Earlier in May, BT Enterprise hosted an event for the media at its new London headquarters, where CEO Rob Shuter presented a new slogan, unveiled BT Enterprise’s Customer Charter and pledged investment of £100 million over three years into its new Division X unit.
A central message was that BT can be a springboard to growth for UK businesses, which are increasingly seeking to use new digital opportunities but are also facing mounting macroeconomic problems such as rising energy prices and higher inflation.
It also showed BT’s ambition to search for growth opportunities of its own, beyond connectivity. This is crucial for the under-pressure Enterprise unit; it saw revenue slip another 5% in the final quarter of its fiscal 2021/22, partly dragged by continued declines in older products (see Instant Insight: BT Results, Fiscal 4Q21/22).
A multimillion-pound advertising campaign will promote the slogan, BT Means Business. It forms the latest stage of the company’s wider brand strategy, which will see BT used mostly for business customers, with EE becoming the flagship brand in the consumer market (see Instant Insight: BT Announces Consumer Branding Shift).
The new charter aims to reflect the priorities of BT’s 1.2 million business and public sector customers. It makes four main promises: to fast-track technology innovation; to be easier to do business with; to be trusted experts; and to make a positive contribution to society.
Division X was created in BT Enterprise earlier in 2022 to accelerate development of new services for larger companies — including emerging technologies such as the Internet of things (IoT), artificial intelligence, edge computing, 5G and cloud services.

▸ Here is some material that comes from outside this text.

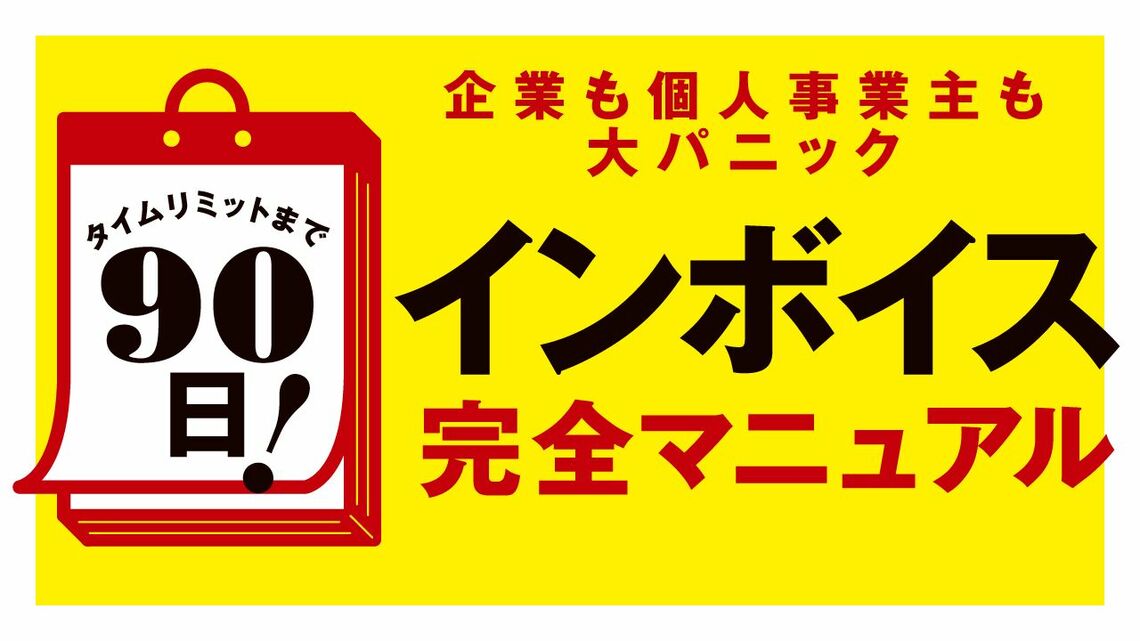 「インボイス完全マニュアル」特集バナー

Headed by former Sierra Wireless executive Marc Overton, it is targeting sectors such as manufacturing, healthcare, transport and logistics.
An important focus for the new investment in Division X is healthcare; this segment was prominent in BT’s new Aurora customer innovation showcase, the opening of which coincided with the event. One demonstration that caught my eye was a backpack that serves as a mobile medical station, offering support to local communities and people living in remote locations. It’s equipped with an electrocardiogram, digital stethoscope and video technology, and is being trialled with a hospital trust and ambulance trust in the West Midlands.

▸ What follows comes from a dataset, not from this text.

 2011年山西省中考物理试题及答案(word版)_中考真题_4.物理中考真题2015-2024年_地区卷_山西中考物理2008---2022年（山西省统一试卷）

Other demonstrations in the Aurora showcase included a smart city data exchange platform that collects, aggregates and analyses data from multiple sources through cameras and IoT sensors; a 5G remote-controlled robotic arm working in tandem with a virtual reality headset; 3D holographic technology that can improve manufacturing processes or enable virtual offices; and drone-led solutions to assist in areas such as medical deliveries in hard-to-reach places.
BT also promoted its cybersecurity credentials. It says it’s the largest player in the UK market and employs about 3,000 professionals globally. It demonstrated the Security Assessment Framework for Enterprises (SAFE) platform, that offers a “health check” of the security defences of large companies and public sector organizations. The company was granted rights to use and sell SAFE after BT became a major shareholder in US firm Safe Security in 2021. Also showcased was cyber-defence platform Eagle-i, which launched in 2021 and uses artificial intelligence and automation tools to detect and neutralize security threats, protecting BT’s global operations.
An important part of the new charter was committing to small businesses. This is fast emerging as a major battleground for UK operators, accelerated not just by the pandemic but also fresh competition from new entrants including Three and Sky.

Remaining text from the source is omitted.